CMStatistics 2022: Start Registration
View Submission - CMStatistics
B0329
Title: Non-separable diffusion-based spatio-temporal Gaussian fields Authors:  Finn Lindgren - University of Edinburgh (United Kingdom) [presenting]
David Bolin - King Abdullah University of Science and Technology (KAUST) (Saudi Arabia)
Elias Krainski - KAUST (Brazil)
Haavard Rue - KAUST (Saudi Arabia)
Haakon Bakka - King Abdullah University of Science and Technology (Saudi Arabia)

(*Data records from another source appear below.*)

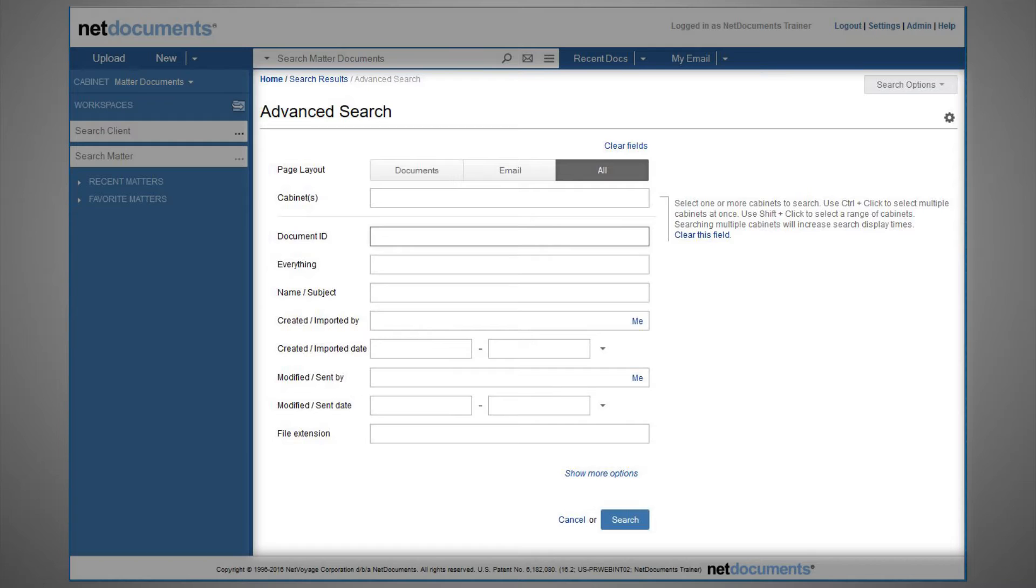But supposing you want to run a broad search first and then decide how to filter the search results based on what you find, we'll show you how to do this using the search refinement.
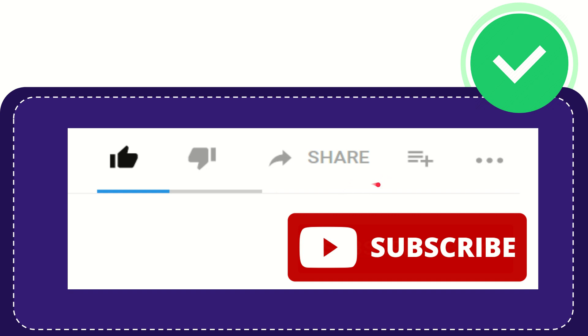And if you want to add this video to your playlist, you can click this one. You can watch this video later and you can find more options by clicking these three dots.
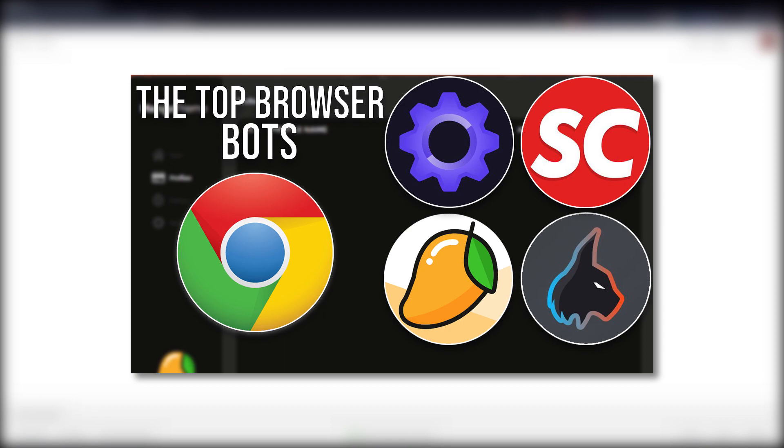Hello everyone and welcome back to CupSplight. In this video I'm going to be speaking about the top browser bots, so let's go ahead and begin today's video.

Abstract: Gaussian random fields with Matern covariance functions are popular models in spatial statistics and machine learning. The easiest approach to constructing space-time models is by taking the product between a spatial covariance kernel and a temporal covariance kernel. However, these space-time separable models have both theoretical and practical drawbacks. An alternative is to take advantage of temporal extensions of the spatial Whittle-Matern model to define non-separable models as solutions to stochastic partial differential equations. Such models can keep the marginal Matern covariance in space, but besides the parameters of the spatial covariance (variance, smoothness, and practical correlation range), they include parameters controlling the practical correlation range in time, the smoothness in time, and the degree of non-separability of the spatio-temporal covariance. A sparse representation based on a finite element approximation can be constructed in closed form for the Markovian subset of models, which is well suited for statistical inference on flat domains, spheres, as well as other manifolds. This has been implemented in the R-INLA software. The full range of models can be handled either through spectral representations or by using new methods for fractional operators. The flexibility of the model is illustrated in an application to spatio-temporal modelling of global temperature data.